Why Better Energy Storage Matters
This article originally appeared in the January 2015 issue of Energy Digital.
Renewable energy, by nature, is unreliable.
Solar panels require sunlight, wind turbines require wind, hydroelectric requires flowing water and so on. Unfortunately, not all of these are always readily available. In somewhere like Scotland, which is a generally cloudy country, solar power isn’t a preferable choice of renewable energy. California’s drought is wreaking havoc on the hydroelectric industry.
On the other hand, sometimes there can be abundance of sunlight or wind, which results in the production of more energy than needed. Currently, this excess energy is often times not being used and is essentially wasted. This is often a major criticism of renewable energy and one the industry has been working to address for some time.
As it turns out, the solution is a concept we’re all familiar with: storage.
Saving it for Later
While the science and engineering behind energy storage is quite complex, the idea is simple. For example, a solar farm with a storage system–say, a large battery–can save up that extra energy generated during sunnier days and use it on the days on which less energy is generated. This solves much of the problem with the intermittency of renewable energy.
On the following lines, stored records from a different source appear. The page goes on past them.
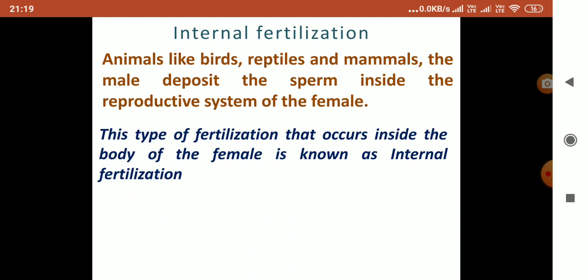In animals like birds, reptiles, and mammals, the male will send the sperm inside the reproductive system of the female, and the sperm and egg both will join inside the body of the female. That is why it is called internal fertilization.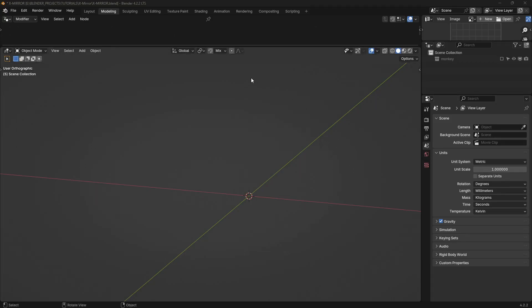Hey there. In this video, I'm going to demonstrate how to mirror a collection instance using geometry nodes.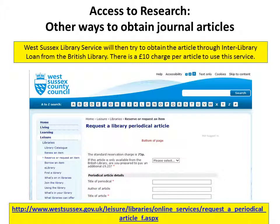The website address for this service can be seen at the bottom of the screen.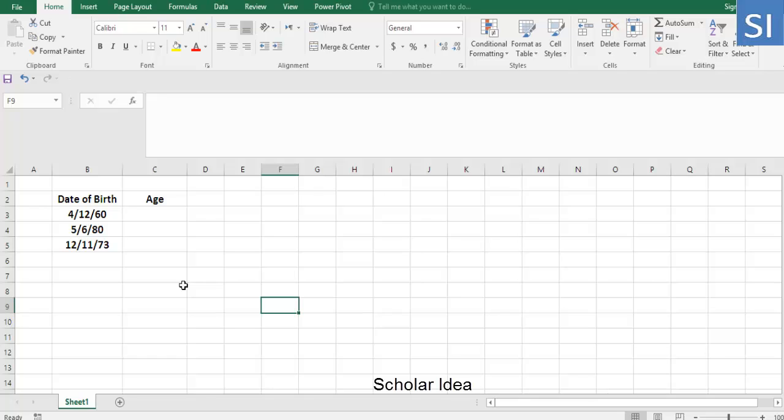You will be able to find out the exact number of years that passed from a date of birth until now.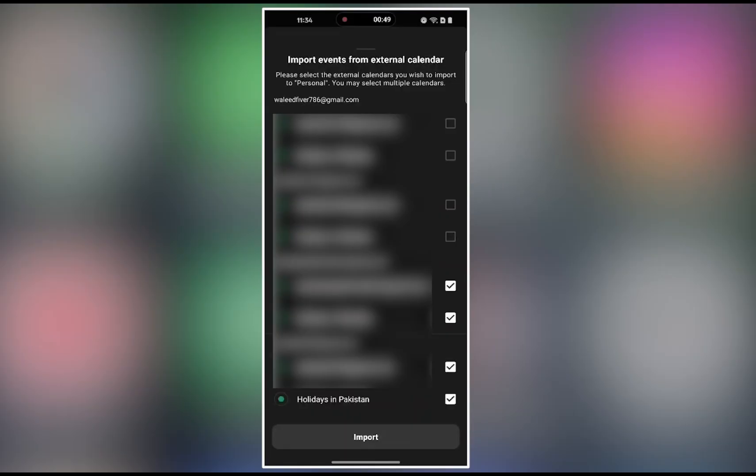And that's how you sync Timetree with your favorite calendar apps in 2025. Now your schedules stay connected and up to date, no matter what platform you're on. If this helped, don't forget to like, share, and subscribe for more easy tech tips. Catch you in the next one.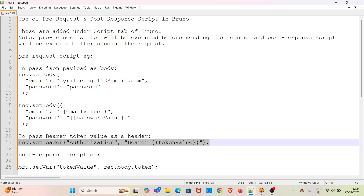Hi all. Welcome to my YouTube channel, The Disting Instinct. In this video, I will be discussing the use of pre-request and post-response scripts in Bruno.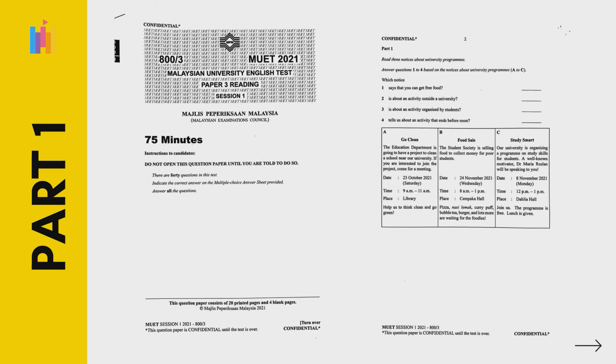You need to read the text first to get the detailed idea of the topic. Then, read the question. Underline the keywords, phrases or sentences in each text which you think match with the questions.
The applications are also extremely broad, with storage serving a purpose in both the commercial and residential sectors. In the residential solar sector, storage is expected to see a tenfold growth by 2018. In part, this is because the incentives to have a home solar storage system are so great. Not only does it allow for energy independence during times of crisis, but even using stored energy daily rather than buying energy from the grid can lead to major cost savings.
“Another thing that can help make the solar plus storage combo attractive sooner is time of use (TOU) pricing,” Zachary Shahan wrote for CleanTechnica. “Electricity demand is greater in the afternoon and early evening. Some utilities have switched to charging more at high-demand times and less at low-demand times, like in the middle of the night. This makes a lot of sense, but it also makes storing electricity generated at lower-demand times, like the morning, and using it at peak demand times more sensible.”
Not all countries will see this major growth, however. There are several major regions that will be the largest drivers of this transition. In particular, Germany, Australia, Italy, and the UK, are expected to account for 40 percent of the growth by 2018, with California and Hawaii expected to be important markets.
Also driving this growth is the falling cost of the batteries themselves, with lithium ion expected to see a major drop in the coming year.
“My personal view is that we underestimate the impact of storage,” John Ryan, an associate secretary of the federal Department of Industry in Australia, said. “We are starting to see it with hybrid vehicles and I think we’ll see bigger changes.”
Imergy Power Systems
One company making strides in the storage of energy is California-based Imergy Power Systems.
Imergy Power specializes in a proprietary, vanadium based flow battery system, which is the most cost-effective energy storage technology available today. The flow batteries store energy in a liquid electrolyte that circulates between tanks, allowing for a simple design that creates a robust and efficient system that can be cycled thousands of times in a year, and charged and discharged completely without impact on its lifespan. This also allows for customizable sizing for the batteries, allowing each storage project to be tailored to its specific needs. Its latest project is the long-term storage battery called the ESP 30, which can store up to 200 kWh of energy.
Also unique about Imergy’s battery is its utilization of a single element: vanadium. Other batteries, such as a car batter or lithium ion battery, utilize multiple elements. The vanadium can act in four different phases, essentially allowing it to act as two different elements.
“Why that is important is very simple,” Imergy President Tim Hennessy explained. “All batteries die after time. The natural reaction that occurs in the charging and the discharging causes damage to the elements or the structure within the battery. If you leave your car lights on all night, you come back in the morning and you just can’t get that battery to ever recover. The same thing happens if you discharge your cell phone rapidly by taking the battery from 100 to 0 percent very rapidly. You’ll find you don’t get a recovery in the cell battery life.”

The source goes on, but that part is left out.